[Instructions to follow] Leave out the pictures and repeat the entries below verbatim.

..............................

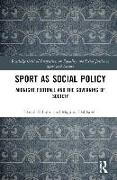 Sport as Social Policy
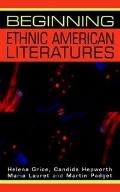 Beginning Ethnic American Literatures:
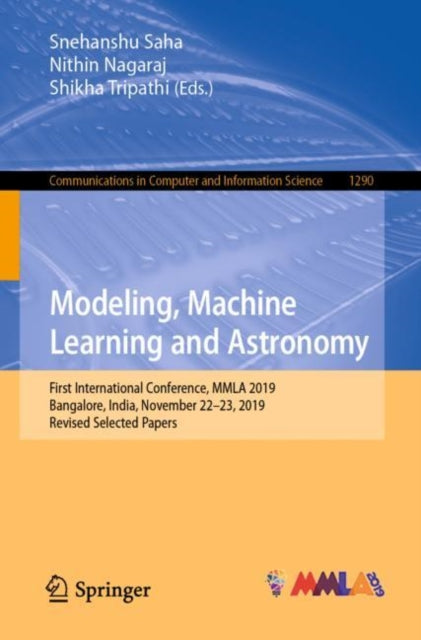 Book cover of: Modeling, Machine Learning and Astronomy. By: Snehanshu Saha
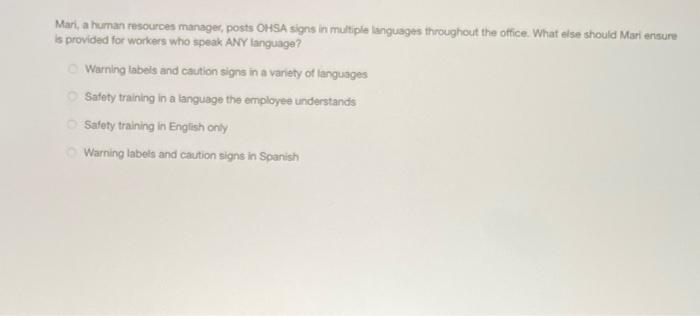 Mari, a human resources manager, posts OHSA signs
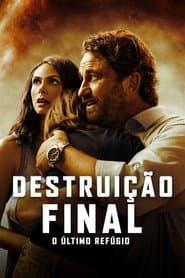 Poster for Destruição Final: O Último Refúgio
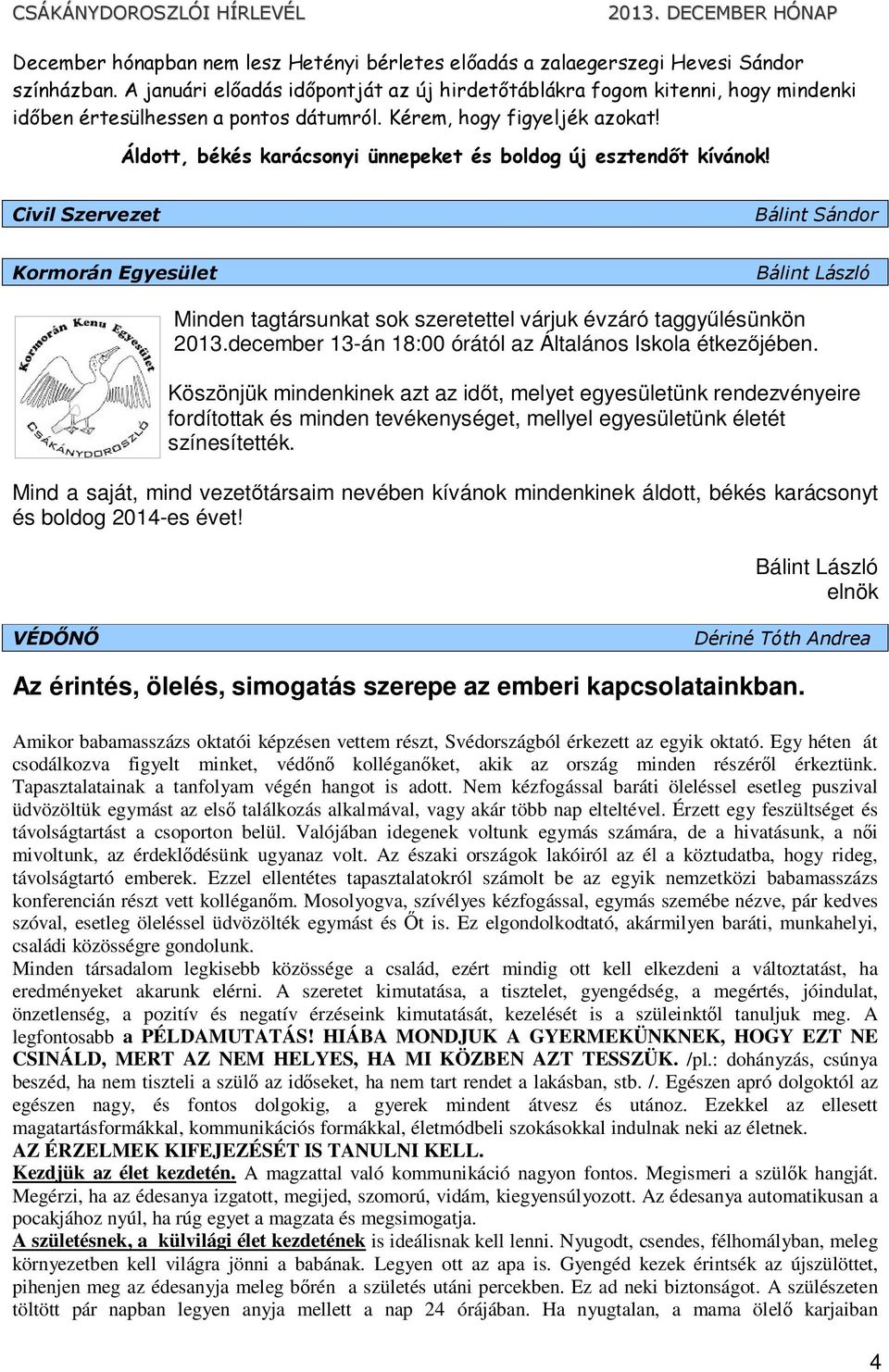 Áldott, békés karácsonyi ünnepeket és boldog új esztendıt kívánok! Civil Szervezet Bálint Sándor Kormorán Egyesület Bálint László Minden tagtársunkat sok szeretettel várjuk évzáró taggyűlésünkön 2013.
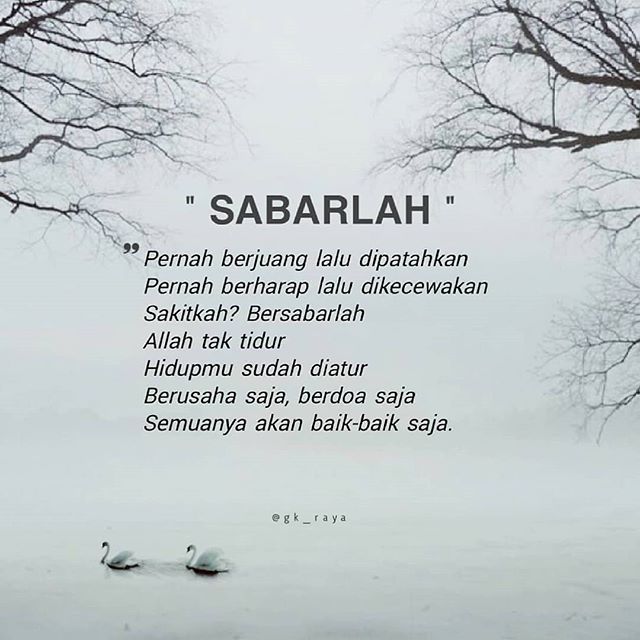 Tausiyahku V Twitter Semu Akan Indah Pada Waktunya Sabar Dan Ikhlas By C Gk Raya Tausiyahku Dakwahdalampuisi Https T Co Yl00edka5g Https T Co 0n9hlv8eow Twitter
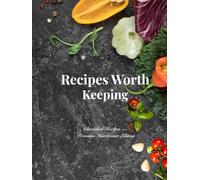 Recipes Worth Keeping: A Beautiful Journal for Your Favorite Meals, Family Recipes, and Kitchen Memories (N_K Kitchen Essential)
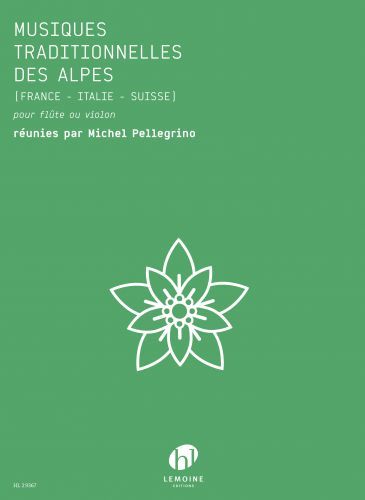 cover Musiques traditionnelles des Alpes Editions Henry Lemoine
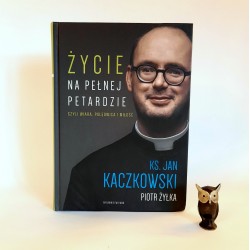 Ks. Kaczkowski J. Żyłka P. " Życie na pełnej petardzie..", Kraków 2015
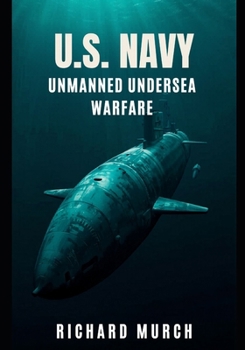 Paperback The U.S. NAVY & UNMANNED UNDERSEA WARFARE: Autonomous Warfare Under the Seas Book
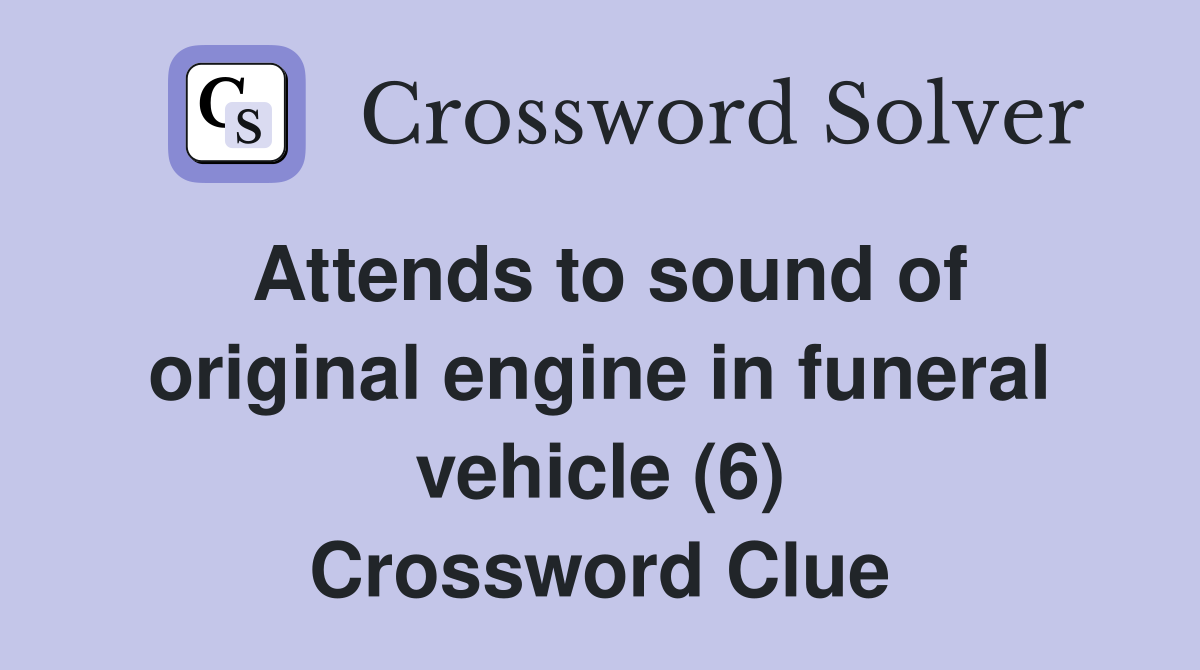Attends to sound of original engine in funeral vehicle (6) Crossword Clue
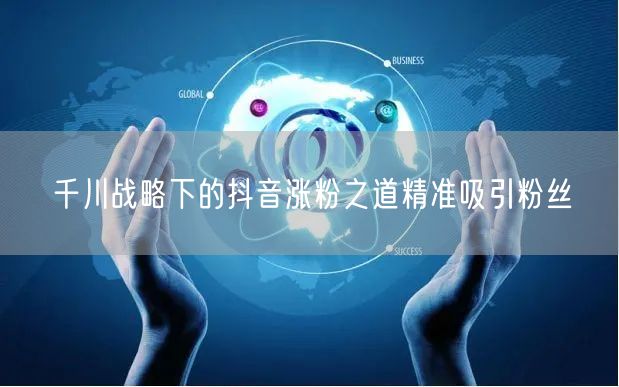 千川战略下的抖音涨粉之道精准吸引粉丝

..............................

[Task answer]
 Sport as Social Policy
 Beginning Ethnic American Literatures:
 Book cover of: Modeling, Machine Learning and Astronomy. By: Snehanshu Saha
 Mari, a human resources manager, posts OHSA signs
 Poster for Destruição Final: O Último Refúgio
 Áldott, békés karácsonyi ünnepeket és boldog új esztendıt kívánok! Civil Szervezet Bálint Sándor Kormorán Egyesület Bálint László Minden tagtársunkat sok szeretettel várjuk évzáró taggyűlésünkön 2013.
 Tausiyahku V Twitter Semu Akan Indah Pada Waktunya Sabar Dan Ikhlas By C Gk Raya Tausiyahku Dakwahdalampuisi Https T Co Yl00edka5g Https T Co 0n9hlv8eow Twitter
 Recipes Worth Keeping: A Beautiful Journal for Your Favorite Meals, Family Recipes, and Kitchen Memories (N_K Kitchen Essential)
 cover Musiques traditionnelles des Alpes Editions Henry Lemoine
 Ks. Kaczkowski J. Żyłka P. " Życie na pełnej petardzie..", Kraków 2015
 Paperback The U.S. NAVY & UNMANNED UNDERSEA WARFARE: Autonomous Warfare Under the Seas Book
Attends to sound of original engine in funeral vehicle (6) Crossword Clue
 千川战略下的抖音涨粉之道精准吸引粉丝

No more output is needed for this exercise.